> **What to work on**
Look below for the line that contains "오뚜기카레[오뚜기]매운맛(1kg)", and write out exactly that line and all remaining lines of the listing, omitting pictures.

> **Records for this task**
◆ ◆ ◆

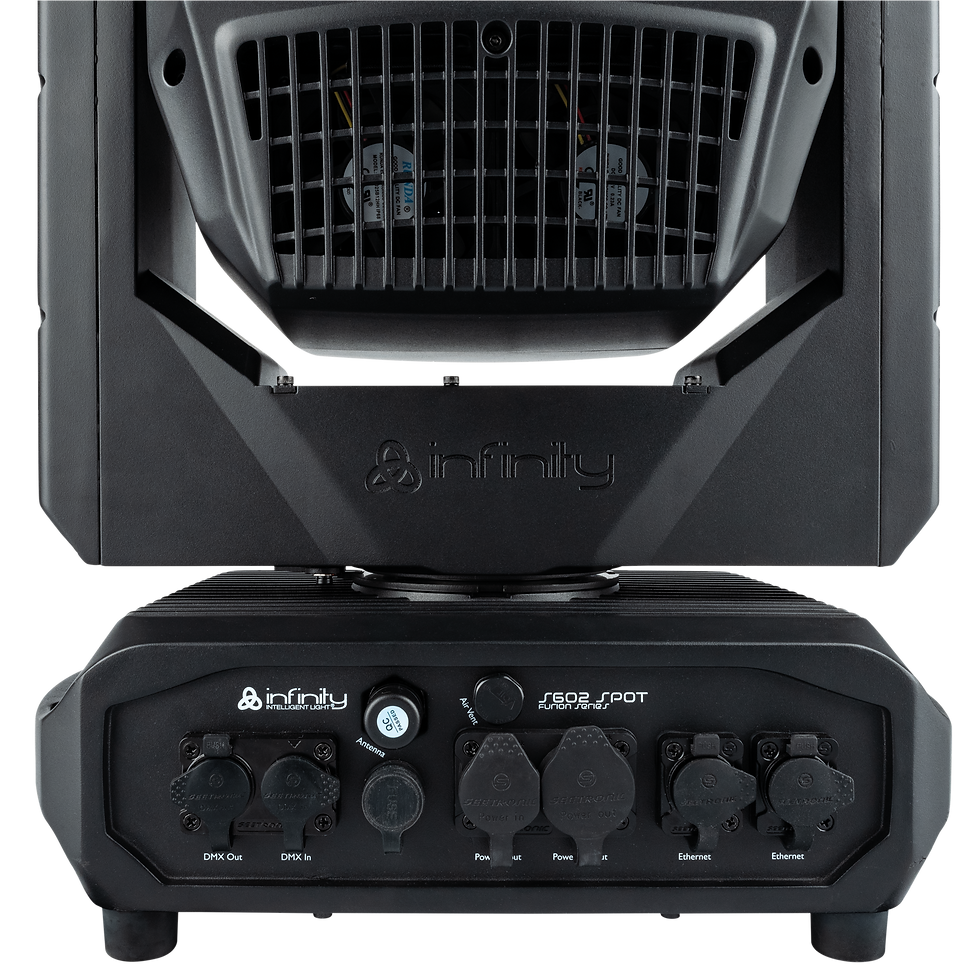 Miniatura: INFINITY - FURION S602 SPOT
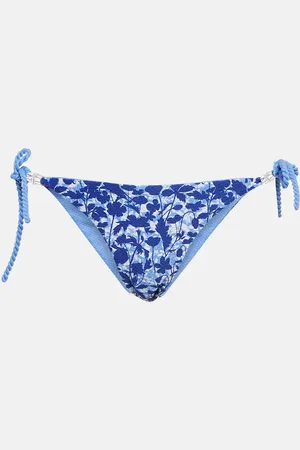 Heidi Klein Tuscany reversible bikini bottoms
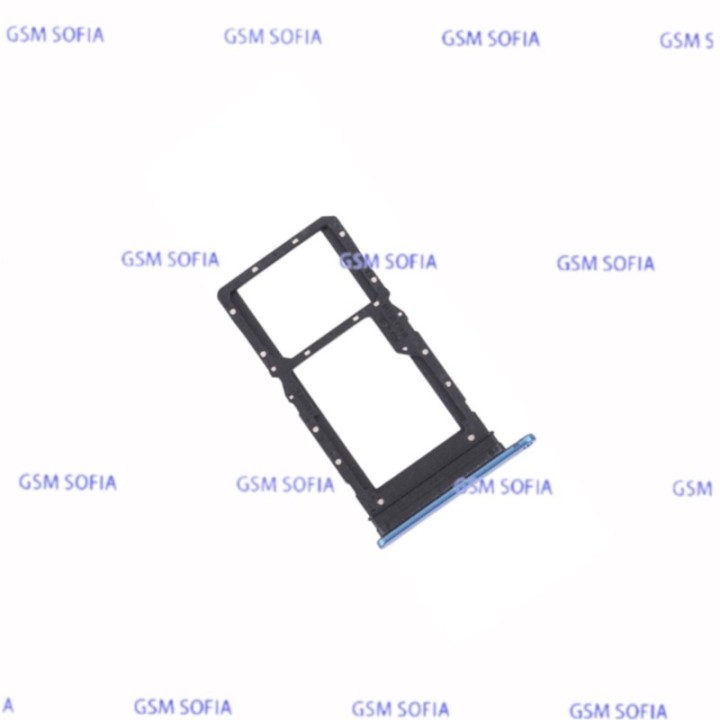 Bandeja sim para Huawei Honor x7- Azul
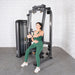 Elite Plus Pec Deck Rear Delt Machine | Muscle D Fitness - Sweatfully
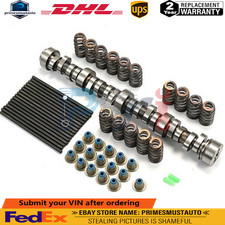 For Gm Speed Chopacabra Ls Truck Cam Kit With Install Pushrods 4.8 5.3 6.0 6.2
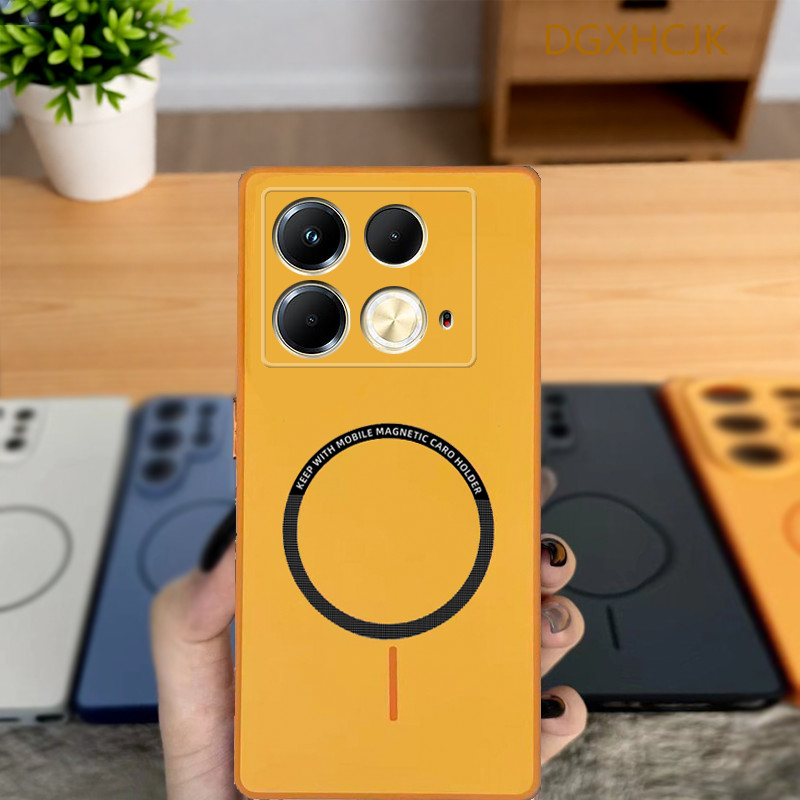 Dành Cho Infinix Note 40 Ốp Lưng Infinix Note 40 Pro Ốp lưng Infinix Note 40 Pro + Plus Ốp Lưng Sili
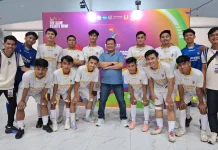 Bawa Nama POLNEP ke Kancah Nasional, Tim Futsal Siap Tempur di PORSENI XV 2026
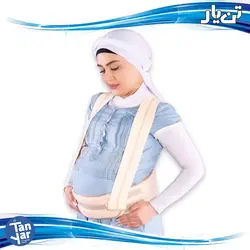 شکم بند دوران بارداری با بند شانه‌ای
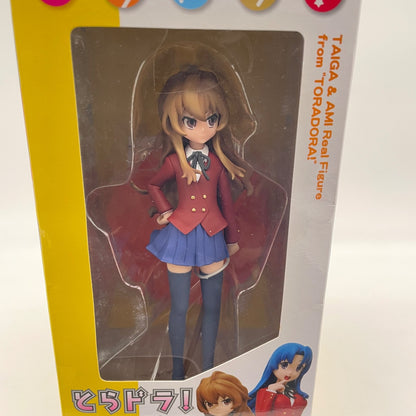 Toradora! Taiga Aisaka Real Figure School uniform ver. 17cm Taito Japan Toy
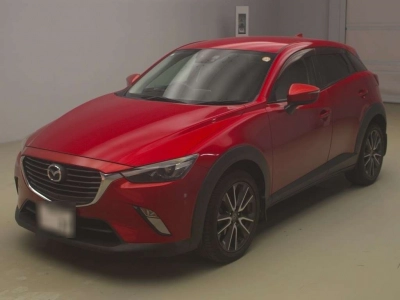 MAZDA CX-3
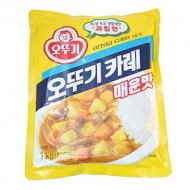 오뚜기카레[오뚜기]매운맛(1kg)
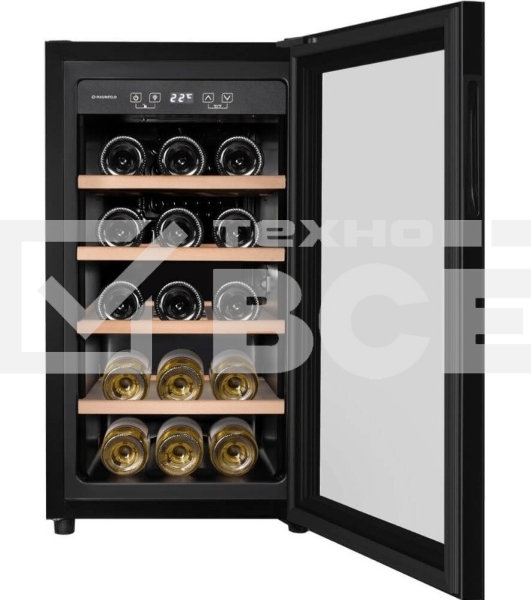 Винный шкаф Maunfeld MFWC-52S18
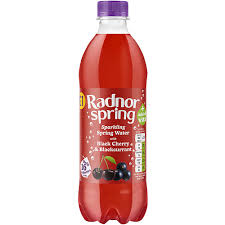 Radnor Spring Cherry And Blackcurrant 500ml (Pack of 12)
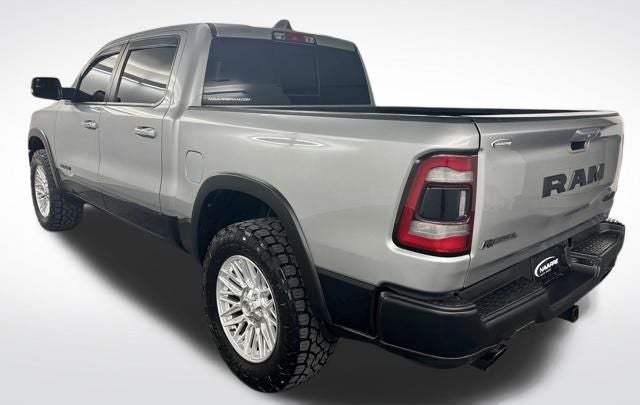 2022 RAM 1500 Rebel Crew Cab 4x4 5'7' Box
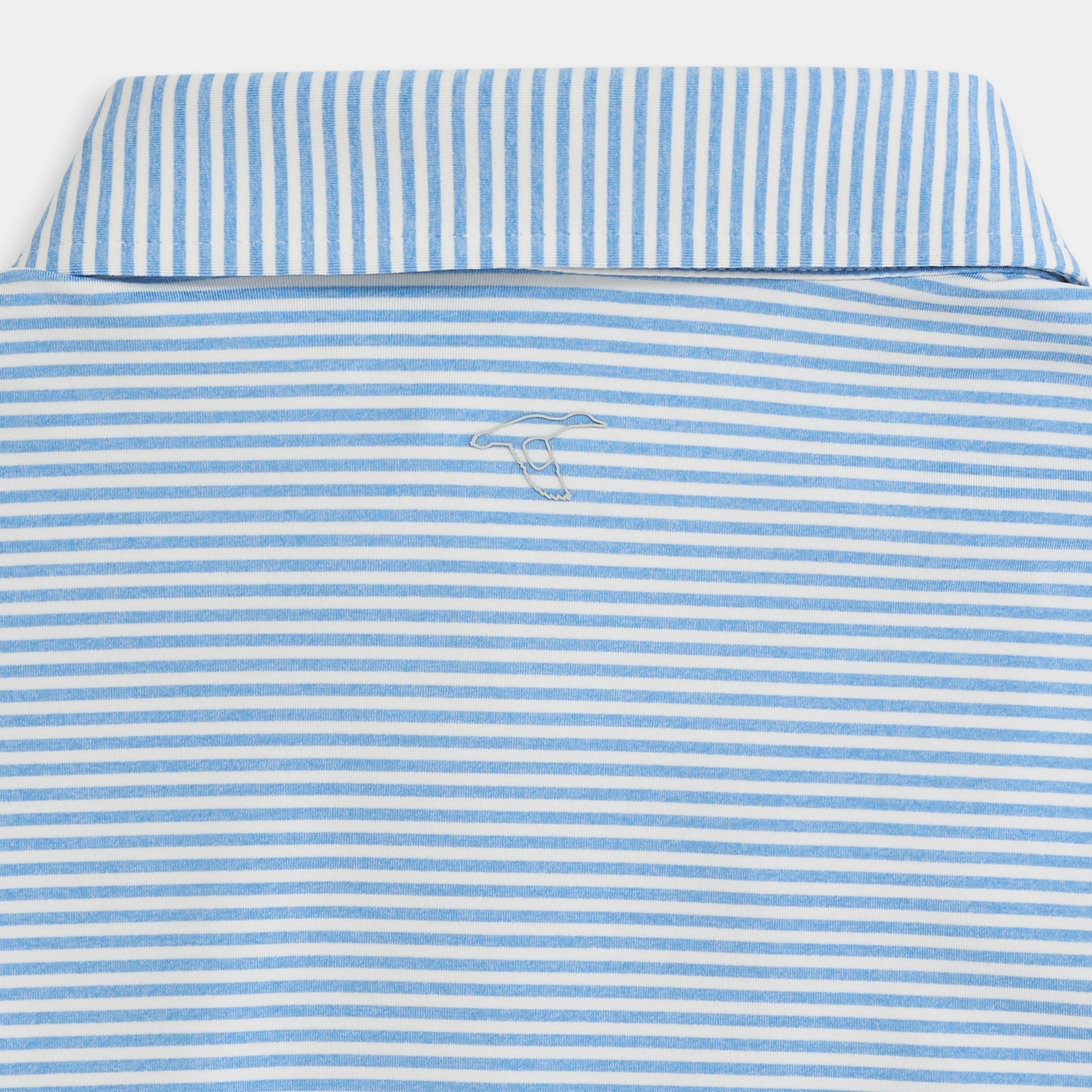 American Flag Bates Performance Polo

◆ ◆ ◆

> **Written response**
 오뚜기카레[오뚜기]매운맛(1kg)
 Винный шкаф Maunfeld MFWC-52S18
 Radnor Spring Cherry And Blackcurrant 500ml (Pack of 12)
 2022 RAM 1500 Rebel Crew Cab 4x4 5'7' Box
 American Flag Bates Performance Polo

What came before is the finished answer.